End-to-end machine learning pipeline predicting 12-month revenue at signup for a subscription-based insurance product (~91k customers).
Standard regression fails on insurance LTV because revenue is driven by two separate events: whether a customer stays, and whether they buy additional policies. A single model can't capture both cleanly.
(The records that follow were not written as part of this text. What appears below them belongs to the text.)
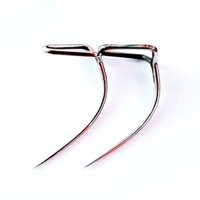 gà  Cựa gà việt lai (siêu đâm bùa kính)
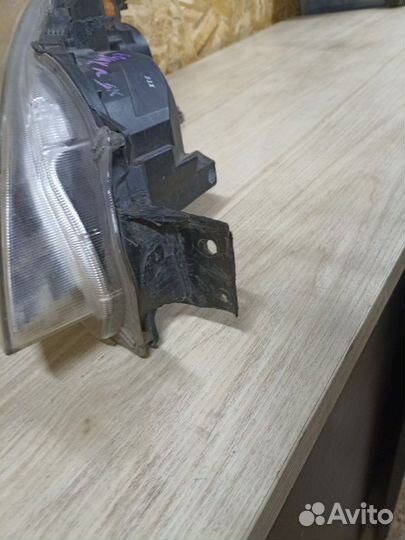 Фара правая Subaru Legacy outback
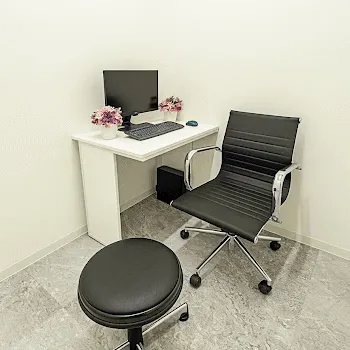 TCB東京中央美容外科 札幌2院のケミカルピーリングを受ける前の診察室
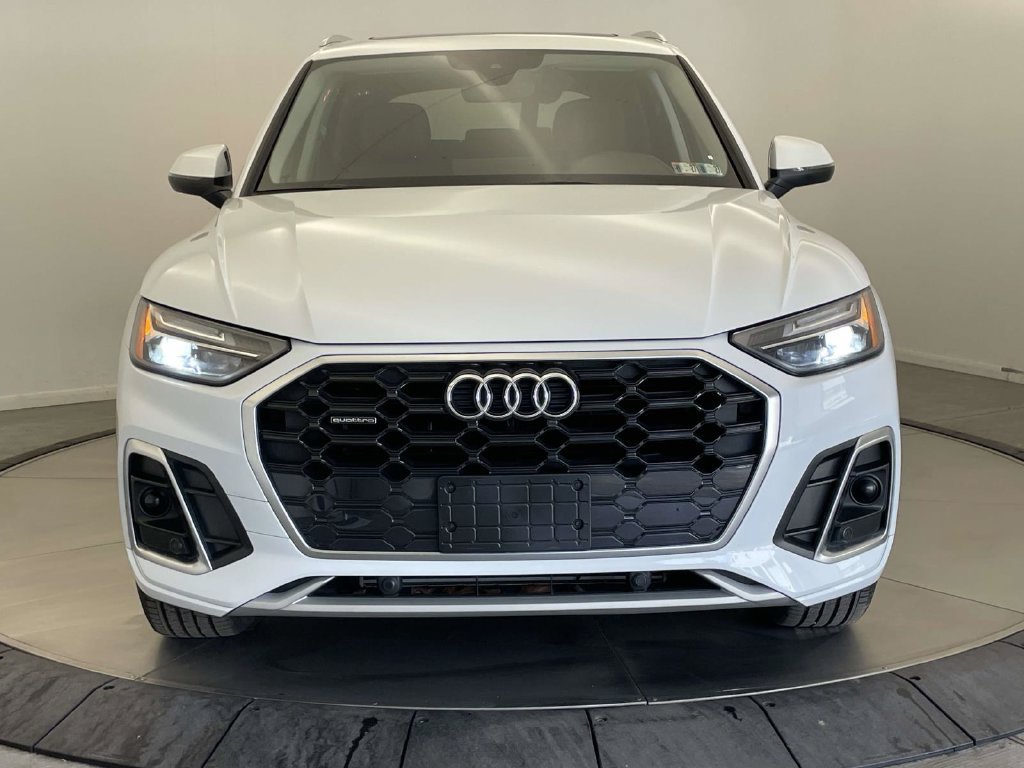 Certified 2023 Audi Q5 2.0T Premium w/ Convenience Package AWD/4WD image 10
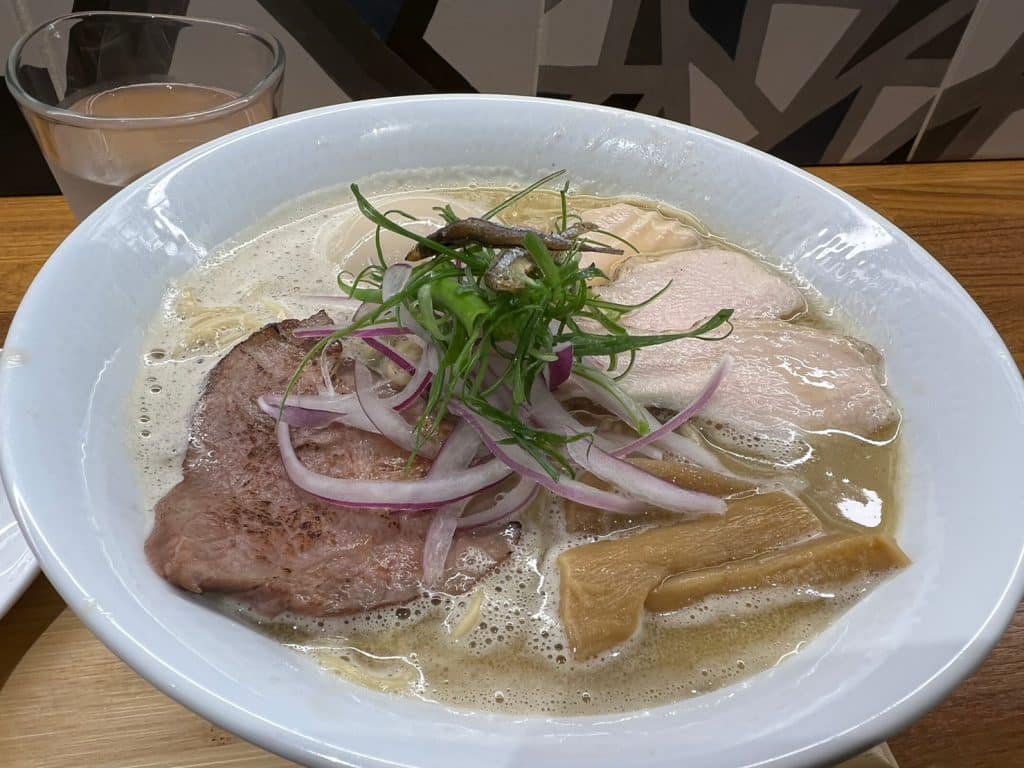 麵屋德家 開箱評價|牛肝菌雞貝鹽味拉麵|2023新上榜拉麵排隊名店|台北捷運美食推薦 台北中山區拉麵 叮咚News|分享新奇與樂趣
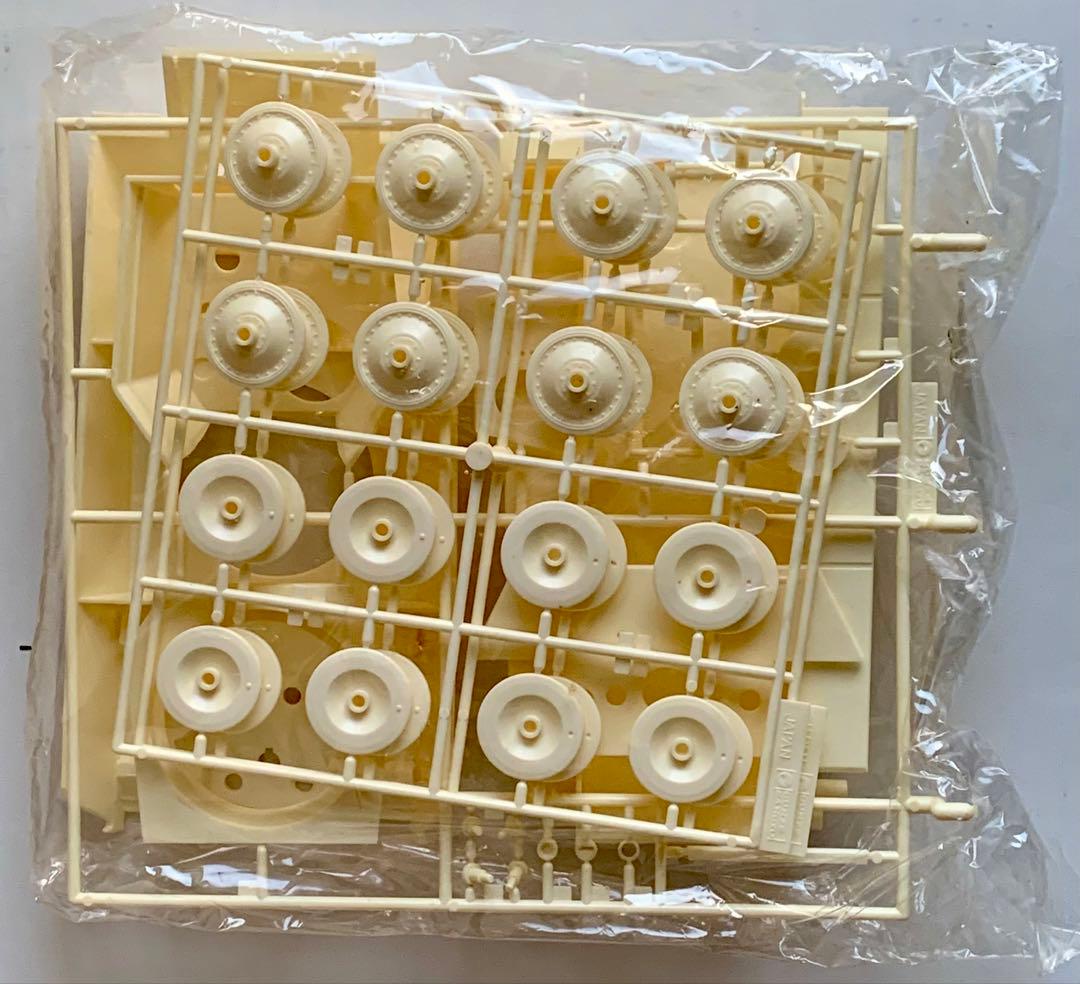 グンゼ ハイテックシリーズ 1/35パンサー戦車G型 プラモデル 極レア 希少品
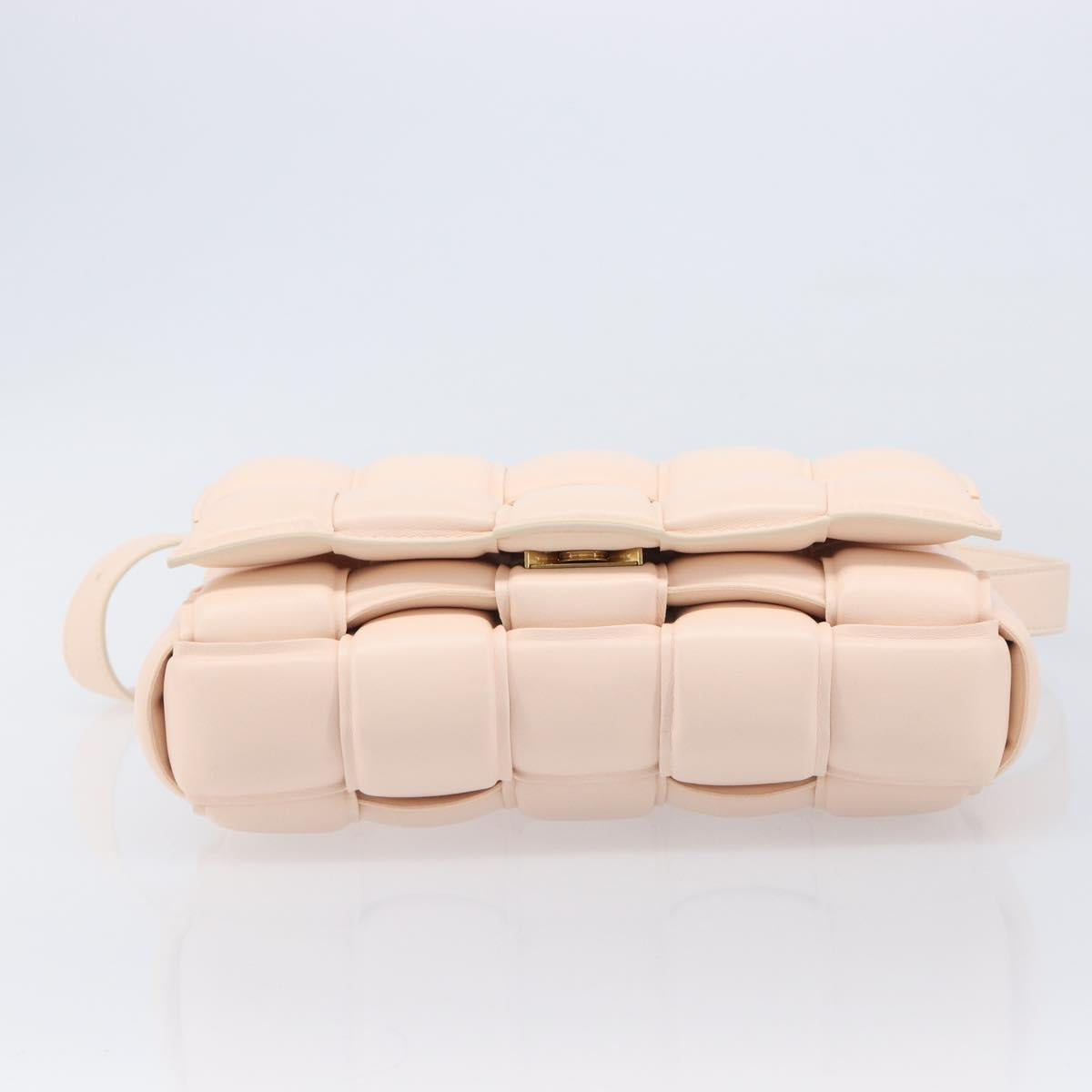 Bottega Veneta MAXI INTRECCIATO Cassette Bag Leather Pink Gold Auth ka6962M
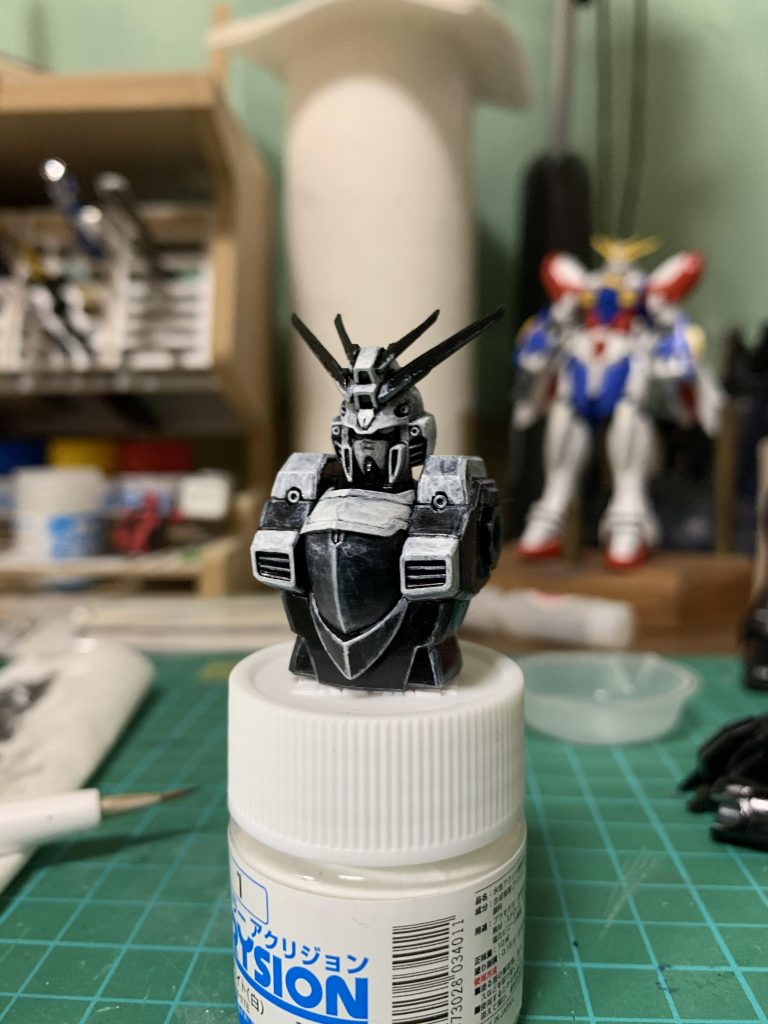 黒で塗りつぶしたらお次はホワイトで下塗り。ここでほぼ仕上がりに近いほどホワイトで着色していきます。このままでも鏡像としてカッコ良かったので何気にお気に入りの1枚w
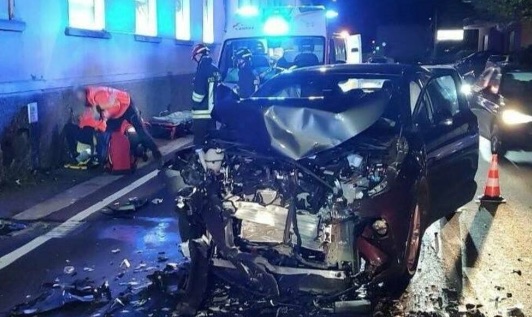Serata di follia a Pozzuoli, falliscono rapina e si schiantano contro auto: rapinatori in fuga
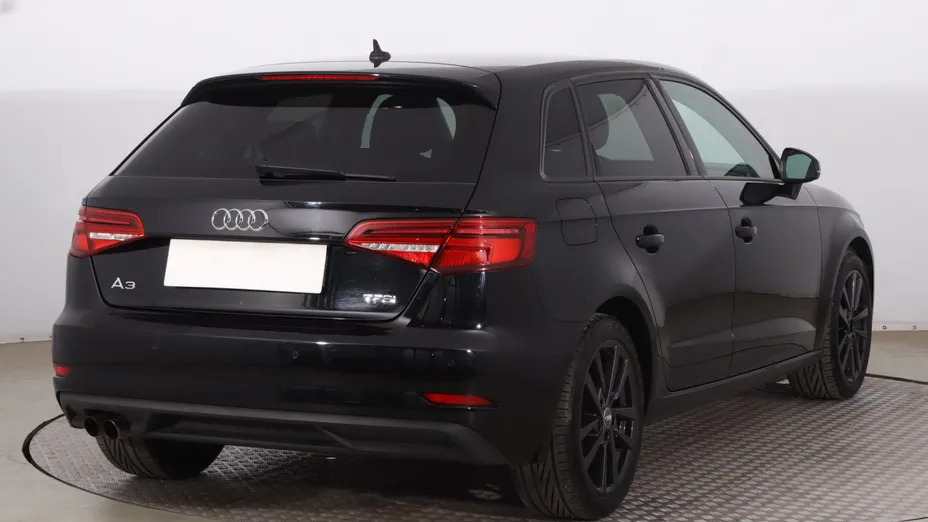 Audi A3 -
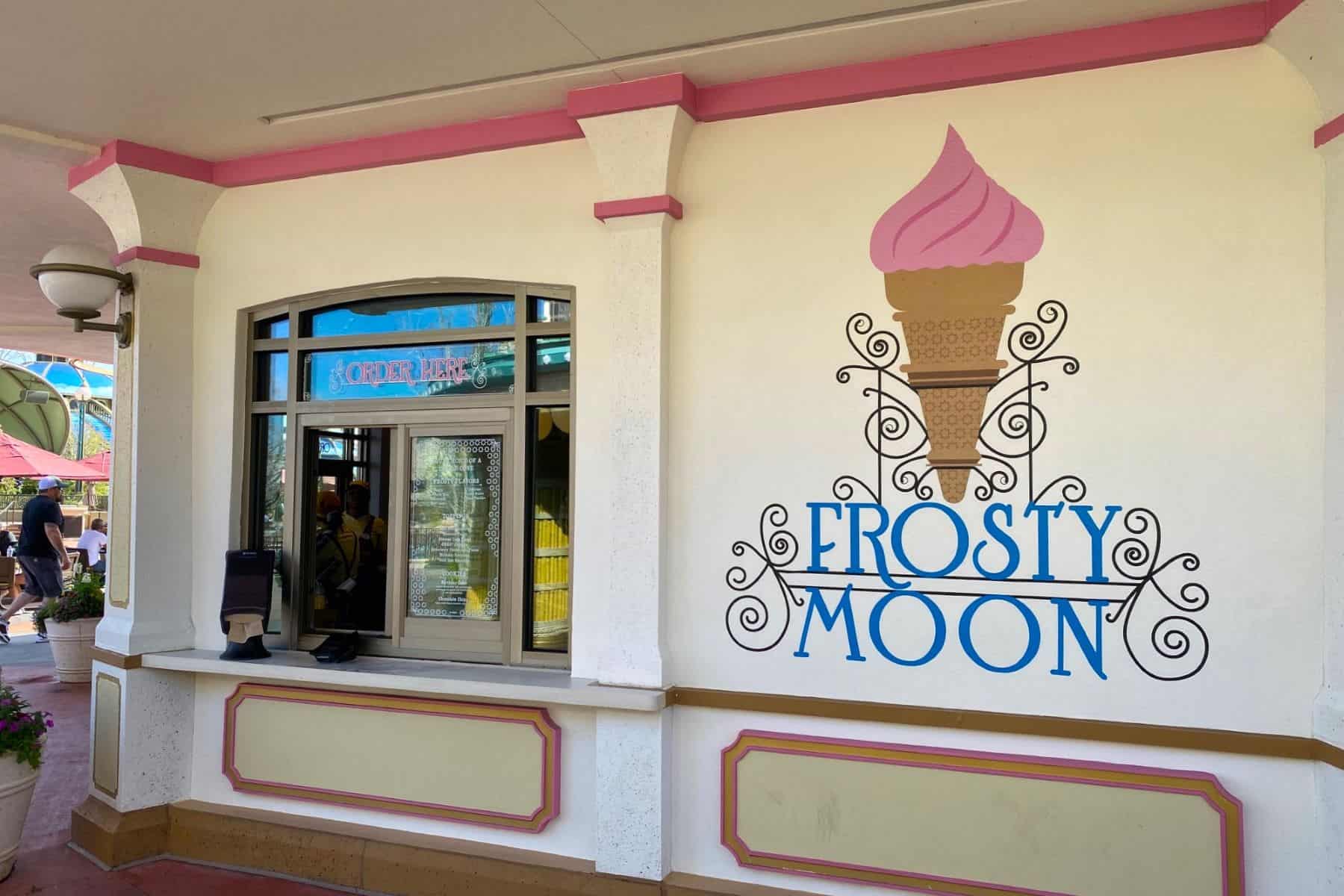 epic universe frosty moon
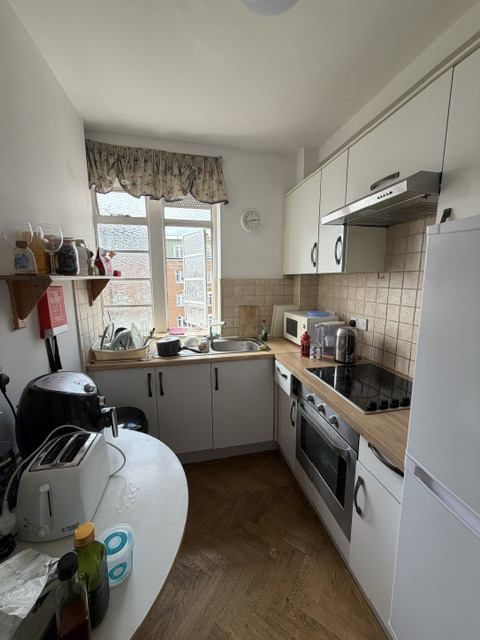 Room Logan Place in Greater London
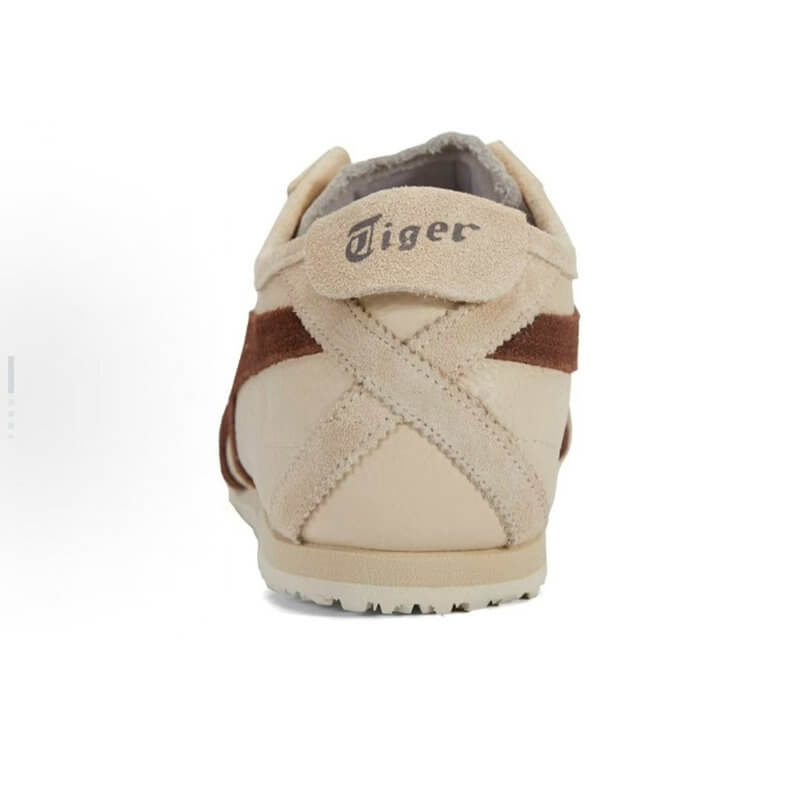 Résultats de l'engagement emblématique de la marque Asics à combiner style et innovation, les sneakers Asics Femme  sont des pièces maîtresses de la mode sportive.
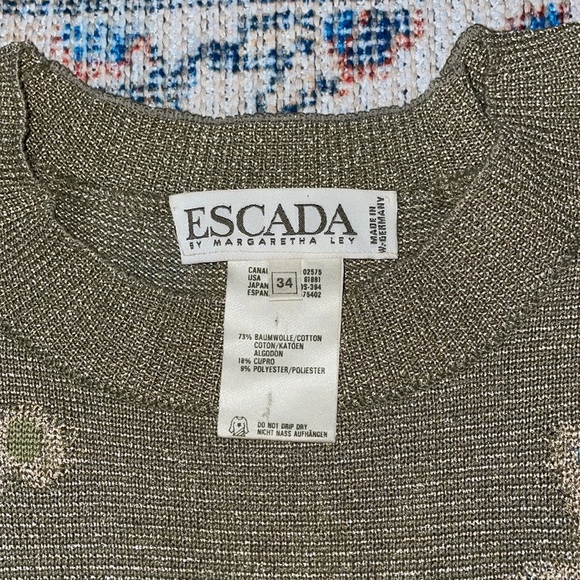 Escada by Margaretha Ley Vintage Car Print Gold Metallic Sweater SZ 34/US S VGUC - Picture 3 of 6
Rather than predicting LTV directly, the pipeline decomposes it:
- Tenure classifier — probability the customer stays 12 months
- Cross-sell classifier — probability they purchase an additional policy
- Cross-sell valuator — expected value of that policy if purchased
Formula: LTV = (Monthly Commission × Predicted Tenure) + (P_crosssell × Value_crosssell)
| Model | MAE | RMSE |
|---|---|---|
| Baseline (mean prediction) | 42.0 | — |
| Linear Regression | ~40 | — |
| Composite XGBoost | 35.49 | 103.50 |
16% reduction in MAE over baseline.
- Customers starting with Product C show the highest cross-sell propensity
- Users on non-standard OS show significantly higher churn — likely UX friction
- Retention drives more total portfolio value than upsell events
Python · Pandas · scikit-learn · XGBoost · Jupyter
pip install -r requirements.txt
jupyter notebook LTV_Model.ipynbcomposite-ltv-modeling/
├── LTV_Model.ipynb # Main modeling notebook
├── requirements.txt
└── README.md